While Sundial Growers has an advantage that they can acquire companies with their cash, and support any business that has not achieved net earnings positive yet, building a core business to work with should simultaneously be a priority. The advantage that Sundial Growers enjoys right now is that nearly all cannabis stocks are undervalued marijuana stocks. Any acquisition is done so at below-market rates.
Still, what I find interesting is that Sundial Growers’ numbers, its financials, are going to be supported by the acquisitions they make, not their ability to grow, produce, and sell a product. That seems ironic to me.
Sundial Growers just announced another acquisition of Alcanna, Inc., a liquor retailer that also owns 62% of another cannabis dispensary system.
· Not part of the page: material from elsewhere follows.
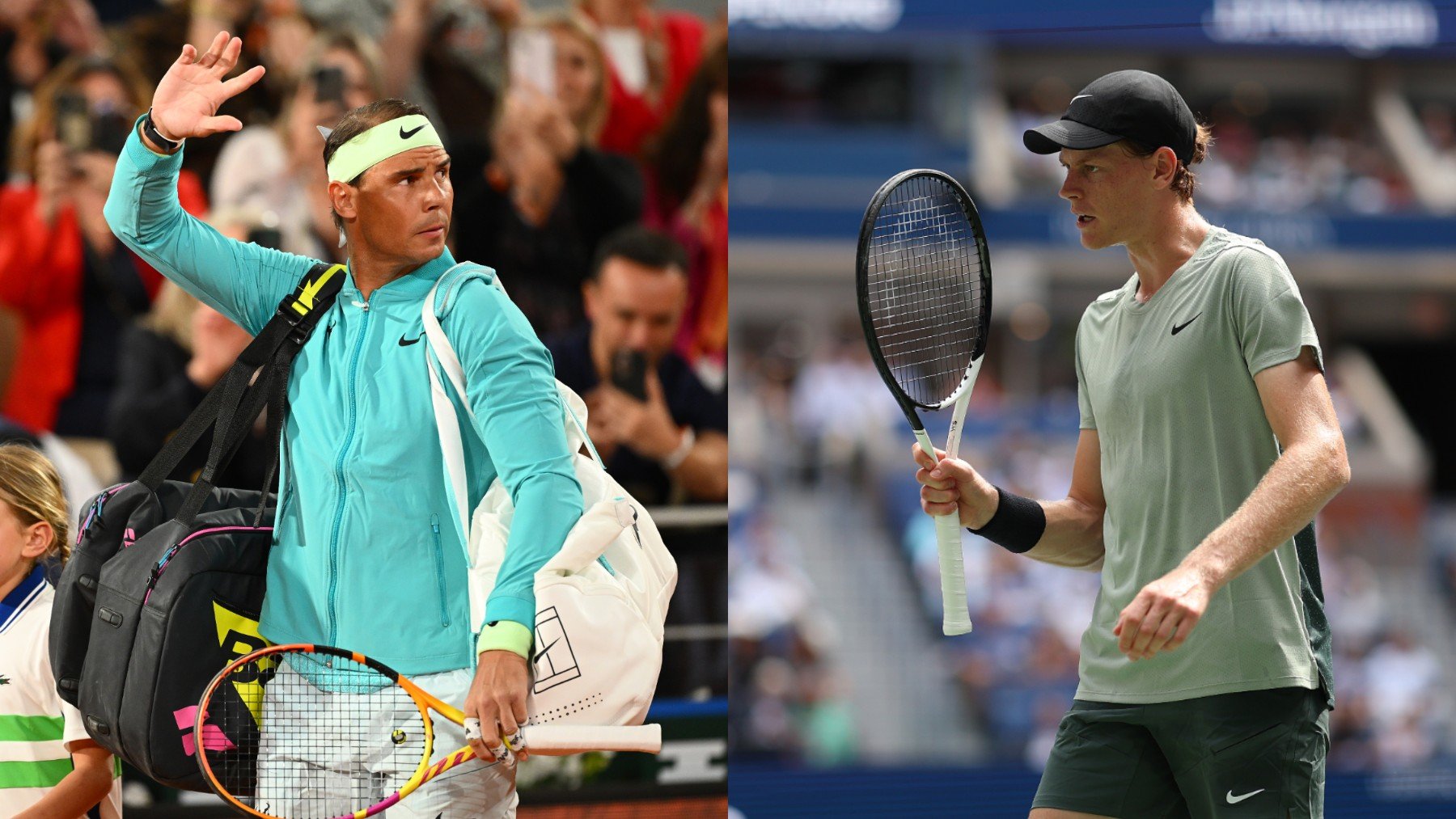 Rafa Nadal y Jannik Sinner. (Getty)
This gives access to 62 more dispensaries on top of the 100 that Inner Spirit is providing Sundial Growers. So, Sundial Growers will certainly have access to what is likely the most dispensaries in Canada and, I am betting that Sundial will ultimately close on the remaining 32%.
This is huge. But, will it help?
One of the knee-jerk reactions I had to this was that Alcanna may not have revenue growth rates that are impressive simply because alcohol sales are anything but impressive from a growth standpoint. But, this does give Sundial Growers those 62 other dispensaries. That is where the growth will be.
Switching gears on acquisitions?
One thing I have been watching is that Sundial Growers has steadily been acquiring shares of the Valens Company VLNCF Stock. At the same time, Sundial Growers has been acquiring shares of Auxly Cannabis CBWTF Stock but, they have since decreased the position size. I felt certain that Auxly would be a take-over target. But, the reversal of shares may signal a change in direction or thinking.
In the meantime, Sundial is still actively acquiring the Valens Company. That may be a stock to watch simply because there will be a complete acquisition of all the shares of the company. Should Sundial Growers move forward with that, this would create a behemoth company.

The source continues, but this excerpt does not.